Now, if you read “Heritage Easements 101” from last time, you’ll know that a covenant like this was not valid and could not be enforced against a future owner.  For one thing the ACO did not own any adjoining lands that could benefit from the covenant.

But the OHF did not want any loose ends, including any appearance that the ACO might be in a position to constrain what the Foundation could do to the Barnum House.

And so it happened that I as a new staff member was dispatched to talk to the ACO board… and to talk them into “lifting” their restrictive covenant on the property.  When looking back on this, I cringe a little at my “I’m from the government and I’m here to help you” attitude.  They didn’t exactly welcome the idea with open arms; but after some hesitation the ACO did agree to release any legal interest they may have had in the property.  The transfer was concluded soon after.
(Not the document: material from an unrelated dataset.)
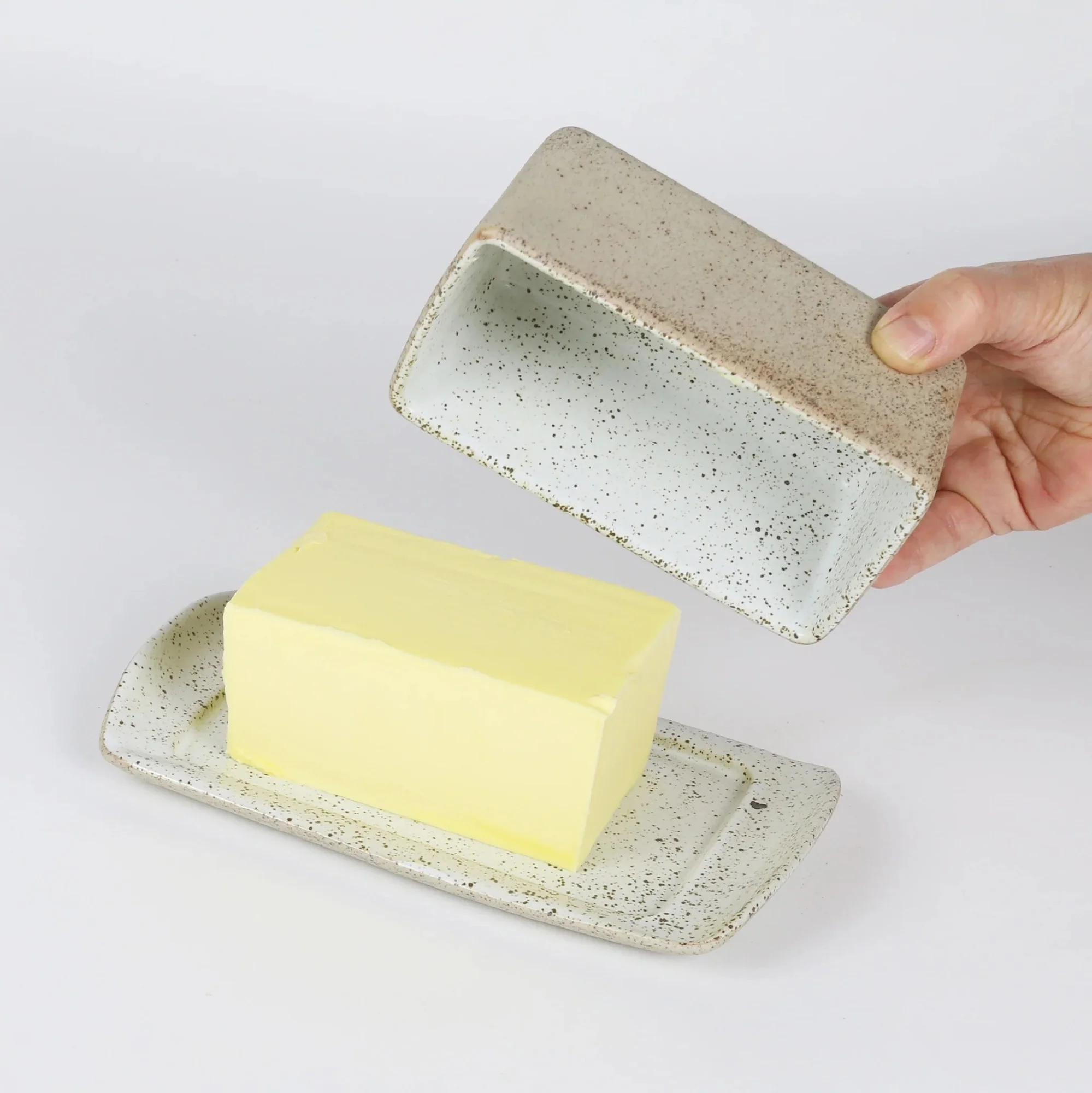 Robert Gordon - Butter Dish White Garden To Table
The St. Lawrence Block, Port Hope, is protected by a 40 year-old OHT easement (signed July 7, 1976)

Back to statutory easements…  With the passage of the OHA and based in large part on American precedents, staff, board members and lawyers of the Ontario Heritage Foundation put together Ontario’s first template easement agreement.  [Note 2]  This template was followed in the Victoria Hall and other early easements — and indeed, with periodic revisions and updates, became the prototype for all of the many OHF/OHT built heritage easements since. [Note 3]

From the start key provisions of the easement agreement have included:
  • prohibition of demolition of the structure and alteration of listed heritage features, without prior approval
  • prohibition on changes to the property generally, without prior approval
  • requirement to maintain the structure
  • requirement to insure the structure
  • requirement to rebuild in the event of significant damage
  • no restrictions on sale or use
  • right to inspect the property upon written notice to the owner
  • right of entry to the property to rebuild, or to remedy a breach of the agreement, where the owner fails to do do.
As we learned last time, some of these (the first two) would be considered “negative” provisions — requiring the owner not to do something — and some “positive” — requiring the owner to do things and incur the resulting expense.  Most could be considered to be “covenants” — in the sense of promises to do/not so something — and a few (the last two) “easements” — in the original sense of permitting access to and activity on the owner’s property for limited purposes.

But with statutory easements none of these old distinctions matter any more.  [Note 4]



The first heritage easement signed in Ontario (June 22, 1976) protects the Newburgh Academy in Newburgh


Note 1: Until the 2005 overhaul of the Ontario Heritage Act, the Foundation/Trust needed the Minister’s approval for its restoration grants. I have it on good authority that in the case of the early and enormous Victoria Hall grant, and presumably at the Minister’s behest, the provincial contribution was actually approved in Cabinet. To this day the Trust requires  Minister’s approval for property acquisition and disposition, including easement interests, but this is a formality.

Note 2: According to my source, the architects of both the heritage easement provisions in the OHA and the template easement agreement were Bert Lawrence and Brock Grant. Bert Lawrence, a former provincial cabinet minister under Premier William Davis, became the first chair of the beefed-up Ontario Heritage Foundation in 1975. Brock Grant was the esteemed ministry lawyer who advised the Foundation’s board and staff for many years.

Note 3: The OHT currently holds 186 built heritage easements.

Note 4: The statutory protective agreement, referred to as simply an “easement or covenant” in the OHA, came to be called a heritage easement or conservation easement probably because of the traditional easement-like provisions they included (even if these were more minor in nature) and because covenants typically were part of another agreement (a deed) rather than stand-alone. Also because that’s what the American precedents were called.